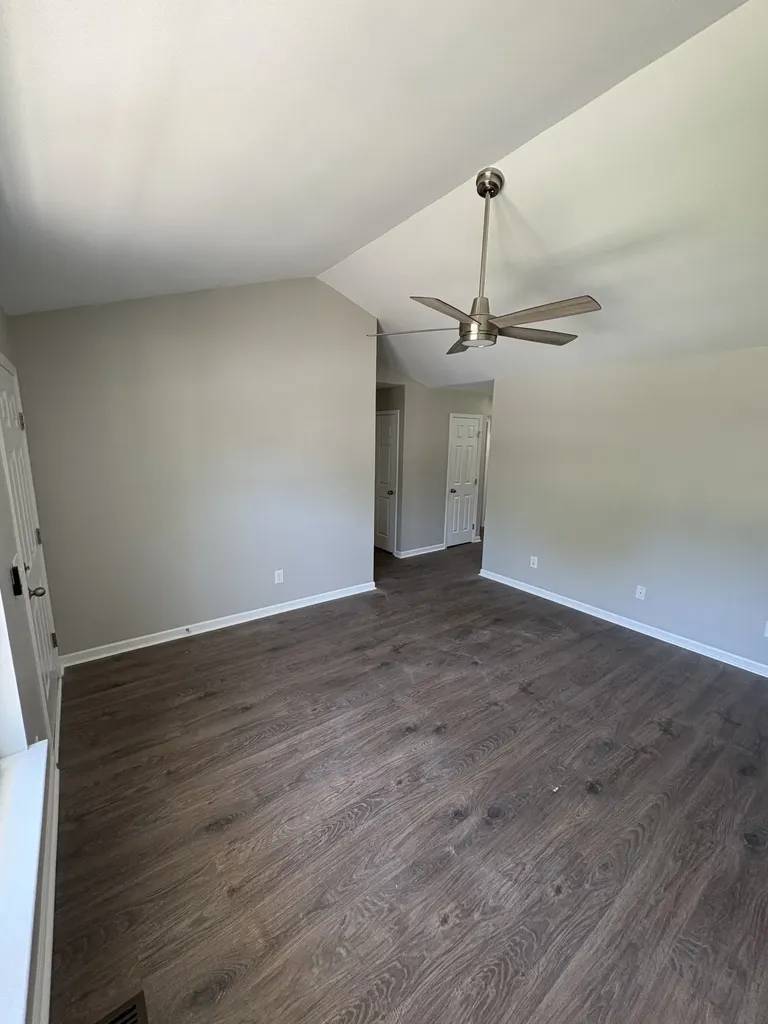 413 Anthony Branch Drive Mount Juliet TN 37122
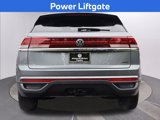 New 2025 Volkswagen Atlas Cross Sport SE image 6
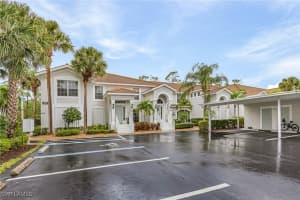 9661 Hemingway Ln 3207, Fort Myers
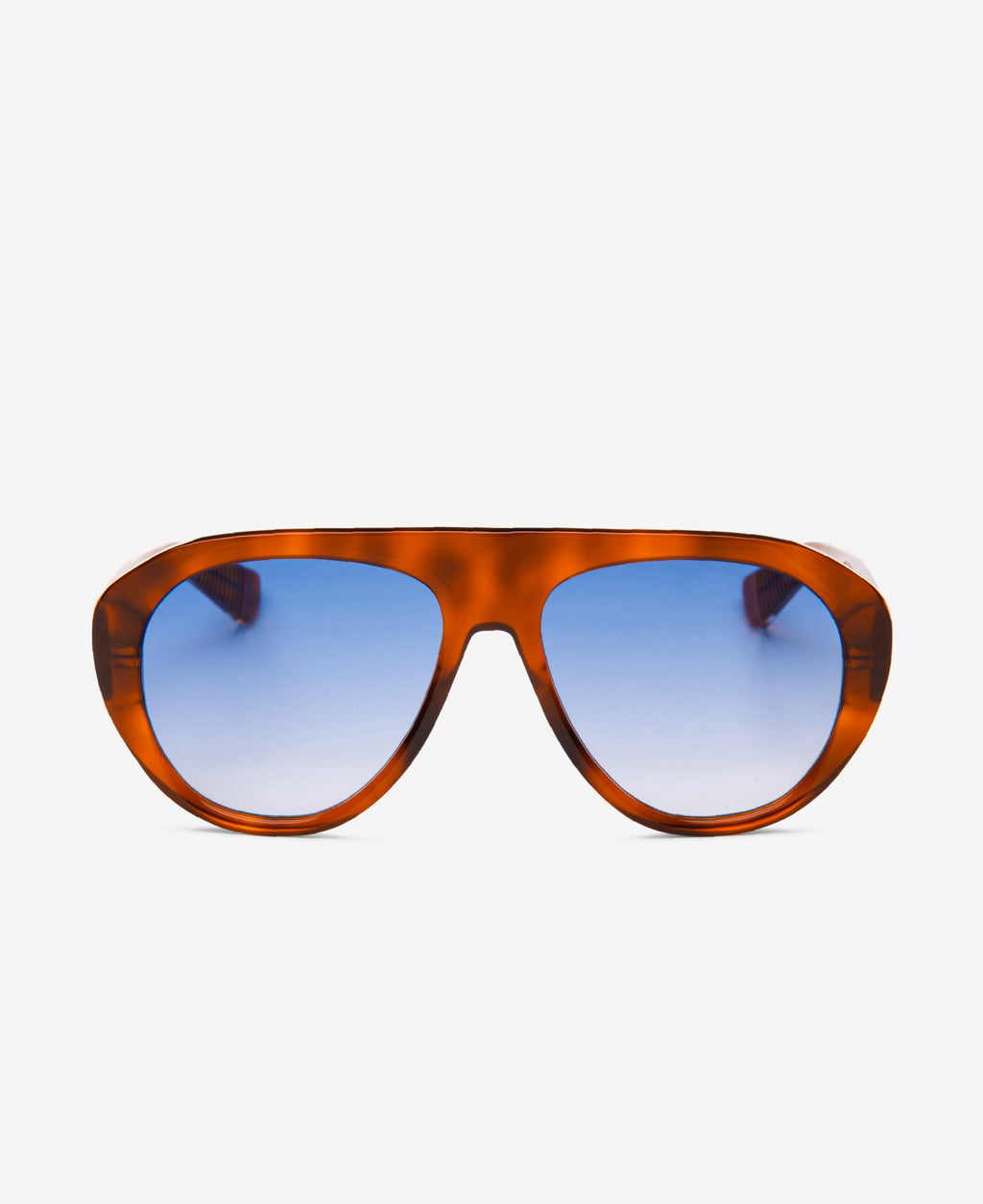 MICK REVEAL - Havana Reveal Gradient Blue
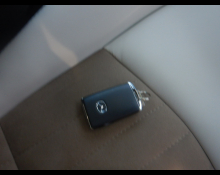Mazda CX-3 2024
====================
• _Exercise_
With the pictures removed, return the data above word for word.

• _Solution for this problem_
 413 Anthony Branch Drive Mount Juliet TN 37122
 New 2025 Volkswagen Atlas Cross Sport SE image 6
 9661 Hemingway Ln 3207, Fort Myers
 MICK REVEAL - Havana Reveal Gradient Blue
Mazda CX-3 2024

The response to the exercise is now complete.